─── Input records ───

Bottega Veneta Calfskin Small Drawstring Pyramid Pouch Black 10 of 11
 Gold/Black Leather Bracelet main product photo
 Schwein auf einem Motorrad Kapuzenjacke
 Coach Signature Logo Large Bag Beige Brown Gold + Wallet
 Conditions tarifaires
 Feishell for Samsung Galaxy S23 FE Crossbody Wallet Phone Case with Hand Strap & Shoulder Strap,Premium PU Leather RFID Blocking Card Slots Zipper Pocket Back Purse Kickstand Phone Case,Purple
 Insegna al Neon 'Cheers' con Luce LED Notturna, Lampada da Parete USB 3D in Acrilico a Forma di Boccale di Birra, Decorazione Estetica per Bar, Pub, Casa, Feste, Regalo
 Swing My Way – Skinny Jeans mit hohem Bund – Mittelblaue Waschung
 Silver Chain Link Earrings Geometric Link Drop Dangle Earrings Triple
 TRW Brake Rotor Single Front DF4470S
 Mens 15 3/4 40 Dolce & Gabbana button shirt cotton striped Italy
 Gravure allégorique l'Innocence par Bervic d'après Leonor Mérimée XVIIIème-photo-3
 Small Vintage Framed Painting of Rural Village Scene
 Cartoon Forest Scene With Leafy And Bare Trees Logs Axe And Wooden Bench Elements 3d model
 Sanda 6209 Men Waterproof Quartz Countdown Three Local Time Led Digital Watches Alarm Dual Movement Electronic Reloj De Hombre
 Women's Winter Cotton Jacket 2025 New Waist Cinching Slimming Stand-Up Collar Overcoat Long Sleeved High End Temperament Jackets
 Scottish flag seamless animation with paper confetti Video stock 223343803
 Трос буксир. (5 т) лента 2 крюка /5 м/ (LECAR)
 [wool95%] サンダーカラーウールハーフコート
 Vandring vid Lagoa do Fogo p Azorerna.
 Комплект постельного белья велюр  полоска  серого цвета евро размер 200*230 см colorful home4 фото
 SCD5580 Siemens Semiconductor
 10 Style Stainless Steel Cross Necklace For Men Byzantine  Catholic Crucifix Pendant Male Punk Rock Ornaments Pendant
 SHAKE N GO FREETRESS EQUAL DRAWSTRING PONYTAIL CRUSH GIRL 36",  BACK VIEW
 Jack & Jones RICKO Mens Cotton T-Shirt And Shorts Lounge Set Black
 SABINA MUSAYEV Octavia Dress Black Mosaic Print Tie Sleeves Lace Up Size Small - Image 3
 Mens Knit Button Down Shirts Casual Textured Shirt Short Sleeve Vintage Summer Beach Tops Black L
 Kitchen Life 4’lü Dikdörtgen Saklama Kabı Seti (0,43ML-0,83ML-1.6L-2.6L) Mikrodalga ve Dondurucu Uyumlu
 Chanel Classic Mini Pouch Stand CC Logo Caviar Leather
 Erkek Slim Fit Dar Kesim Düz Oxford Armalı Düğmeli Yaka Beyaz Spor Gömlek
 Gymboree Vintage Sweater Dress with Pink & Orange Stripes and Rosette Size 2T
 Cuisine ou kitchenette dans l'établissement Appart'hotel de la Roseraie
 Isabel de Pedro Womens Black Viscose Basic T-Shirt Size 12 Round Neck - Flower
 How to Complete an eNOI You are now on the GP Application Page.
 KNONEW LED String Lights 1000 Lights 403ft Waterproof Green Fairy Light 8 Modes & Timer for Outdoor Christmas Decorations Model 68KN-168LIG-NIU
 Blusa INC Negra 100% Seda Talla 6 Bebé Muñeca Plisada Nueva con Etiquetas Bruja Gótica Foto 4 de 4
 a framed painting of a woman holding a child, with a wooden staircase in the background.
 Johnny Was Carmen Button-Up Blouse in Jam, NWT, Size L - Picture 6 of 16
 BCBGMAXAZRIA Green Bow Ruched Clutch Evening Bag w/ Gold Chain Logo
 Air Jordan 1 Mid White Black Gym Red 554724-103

───

Exercise - Among the records above, repeat exactly the line with "Gymboree Vintage Sweater", the line with "How to Complete", and every line in between, and only those.

Result of the exercise -
 Gymboree Vintage Sweater Dress with Pink & Orange Stripes and Rosette Size 2T
 Cuisine ou kitchenette dans l'établissement Appart'hotel de la Roseraie
 Isabel de Pedro Womens Black Viscose Basic T-Shirt Size 12 Round Neck - Flower
 How to Complete an eNOI You are now on the GP Application Page.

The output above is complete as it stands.